Corn Tortillas: The Key to Mexico's Presidential Election

Mexicans Are Watching Closely

Dependence on the United States

But, ultimately, Mexican officials know they can’t control fluctuations in prices, since they have no control over their cause: a dependence on the United States.

In Mexico, farmers have the ability to meet only two-thirds of the domestic demand for corn; of the remaining corn consumed in the country, 97 percent comes from the United States, where agribusiness companies produce such large quantities of corn that they can dictate prices across the globe.

At the same time, more than half of the gasoline and diesel fuels consumed in Mexico come from the United States.

In recent years, food activists have argued that Mexican farmers can improve their corn yields and re-vitalize their corn industry if they adopt new practices based on agro-ecology and resist the bio-engineered seeds pushed by agribusiness.

Today, small farmers across Mexico are seeing advances in their efforts to use agro-ecology to resurrect their native varieties of corn seeds.

Meanwhile, the candidates representing Mexico’s large, traditional political parties are jockeying for position in the race to become the country’s next president, each one blaming the other for Mexicans’ problems.

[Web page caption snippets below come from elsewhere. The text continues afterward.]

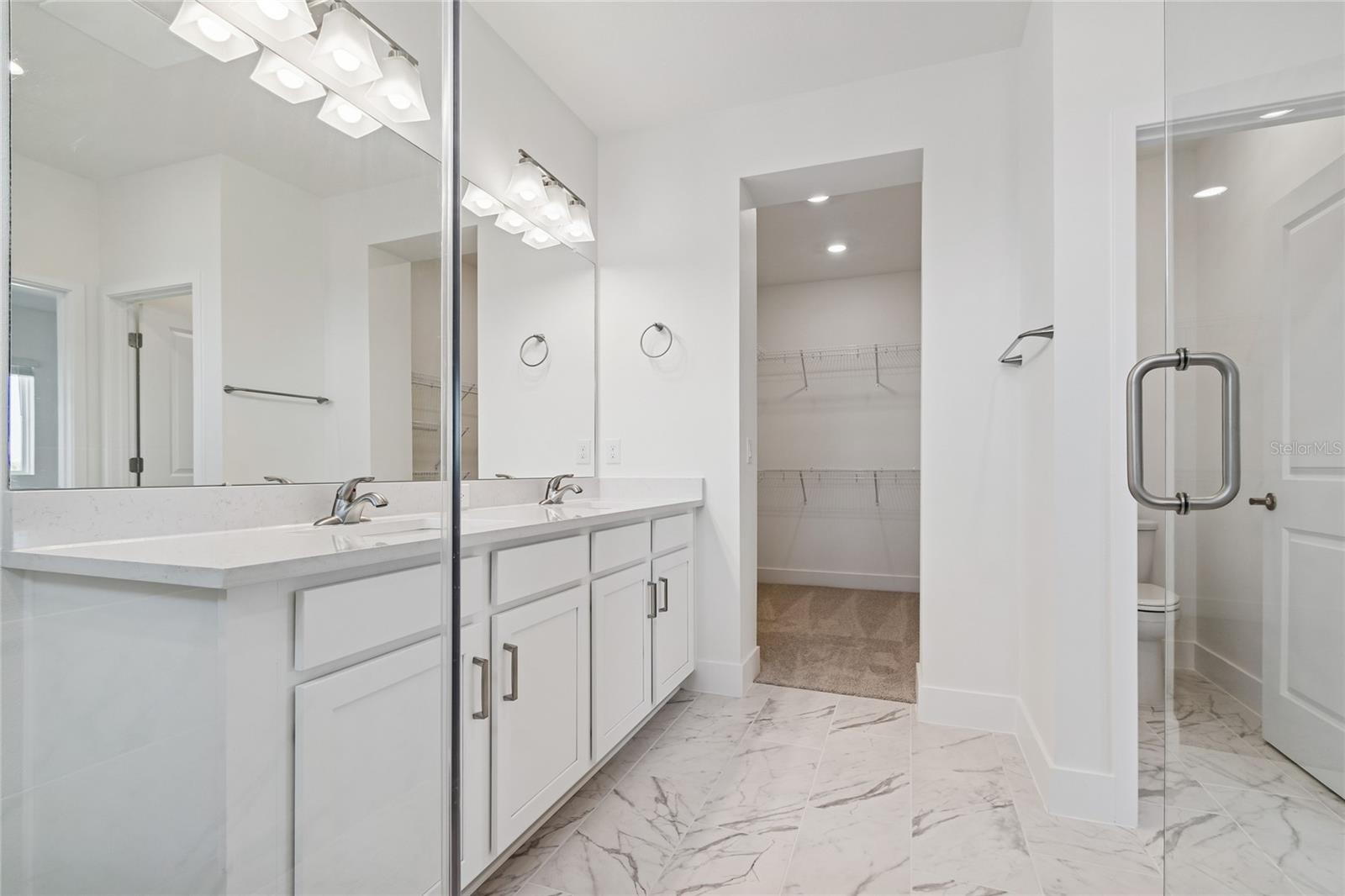 Image 24 of 43 For 10724 Oak Bend Drive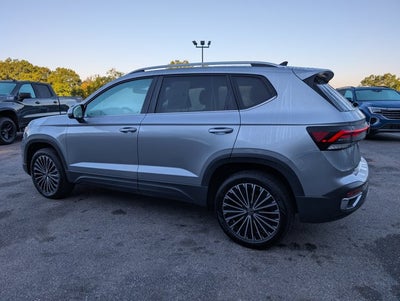 2025 Volkswagen Taos SE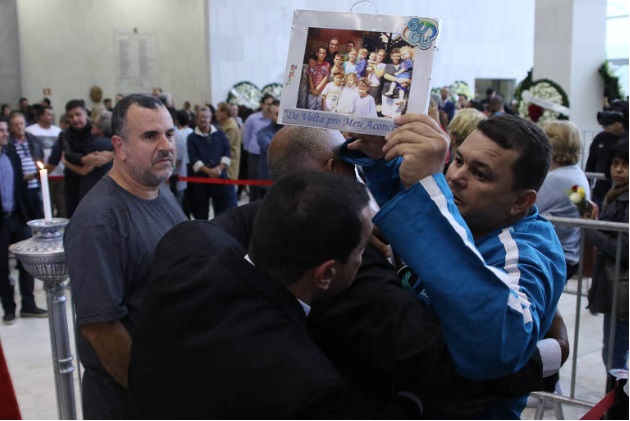 Fã invade área do caixão de Gugu Liberato, pede para ele acordar e depois grita: “Me leva junto”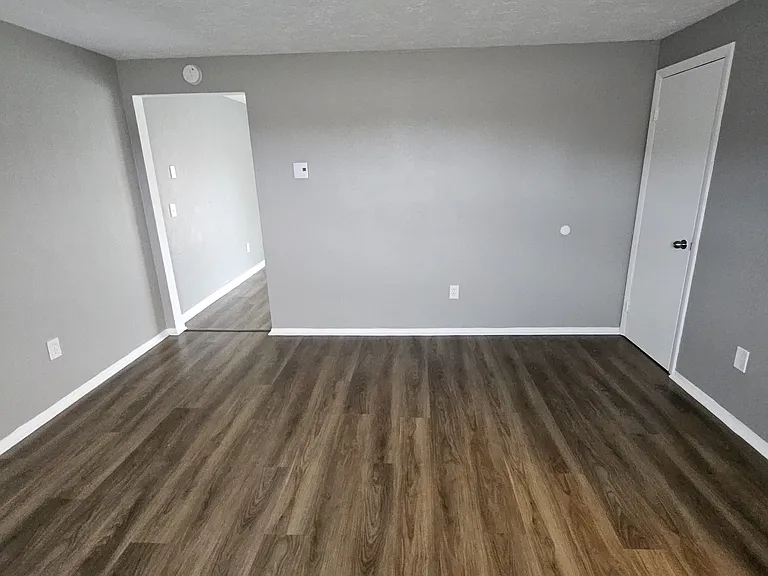 1818 E 42nd St — Photo 14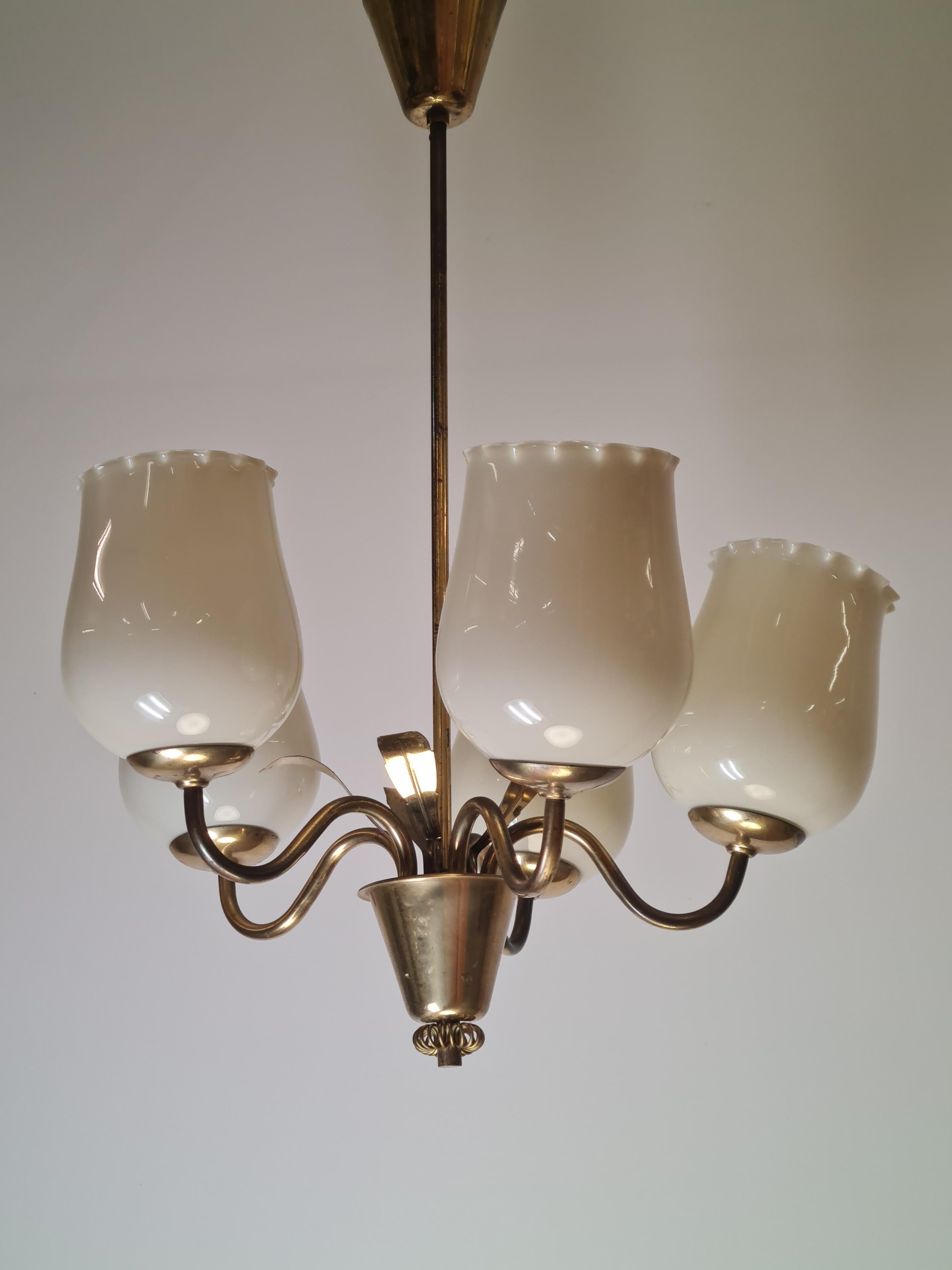 Ciondolo moderno di metà secolo con foglie d'ottone e paralumi opalini, Sievä 1950s In condizioni buone in vendita a Helsinki, FI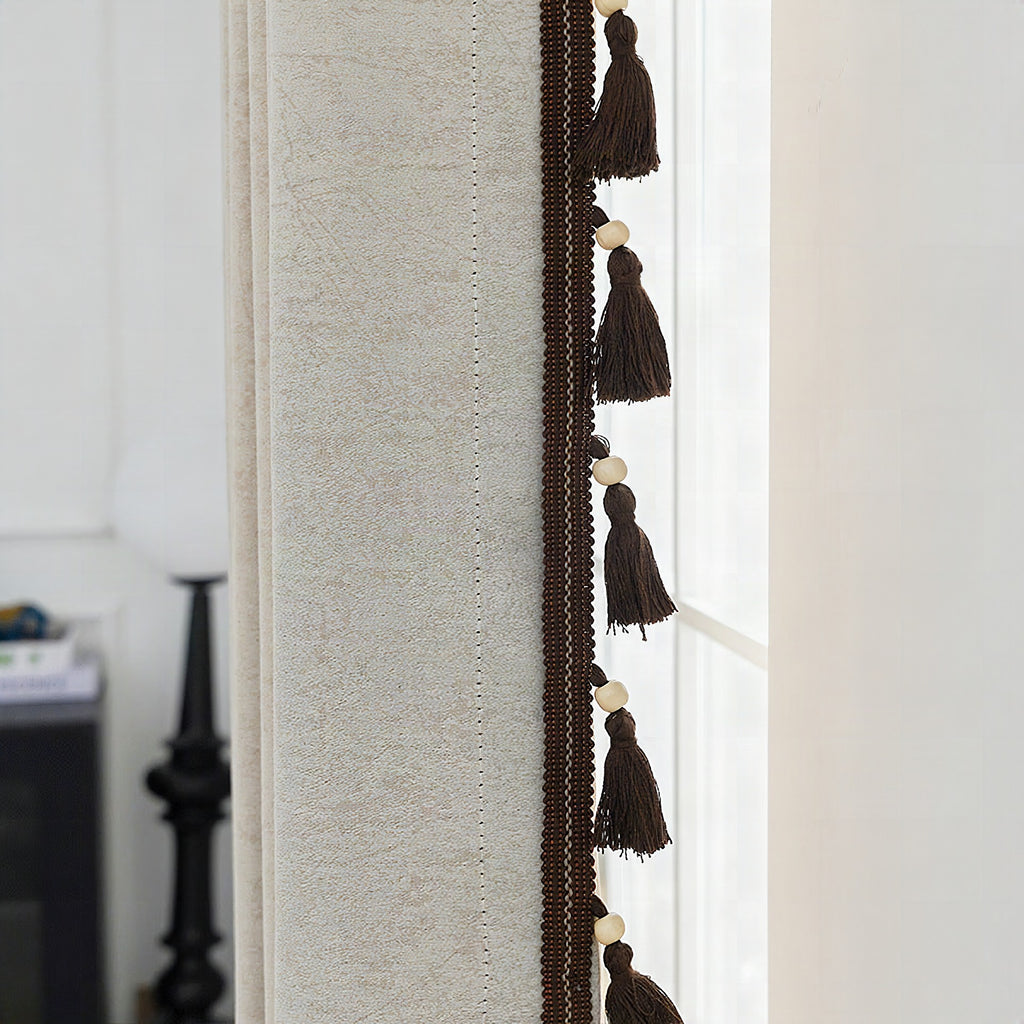 Cortina decorativa con flecos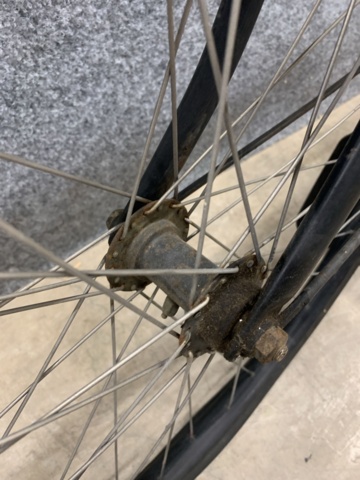 1306945-15 Swiss Army Bike 26"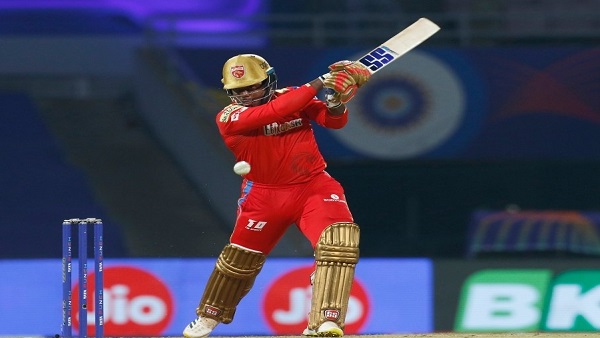 स्मिथ ने खेली तूफानी पारी स्मिथ ने खेली तूफानी पारी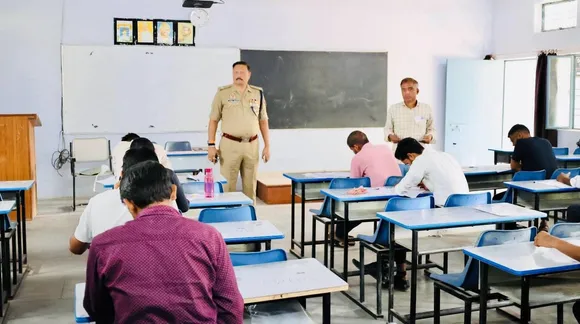 यूपीपीसीएस परीक्षा केंद्र पर परीक्षा देते अभयर्थी व निरीक्षण करते पुलिस अधीक्षक राजेश द्विवेदी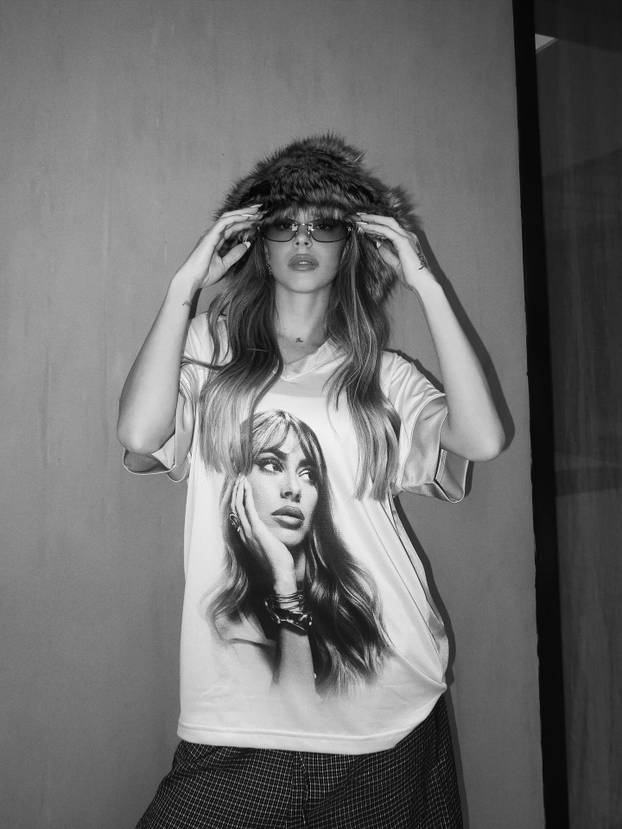 Svjetski prvak ljubi atraktivnu pjevačicu. Uskoro će se vjenčati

If the current frontrunner, Andrés Manuel López Obrador, known as a leftist and a populist, can convince the Mexican electorate that he can bring down the price of corn tortillas and the price of fuel, he will win the election by a landslide.

But, at this point, rising prices for both precious commodities are creating too much uncertainty. No one can predict who will be the next president of Mexico.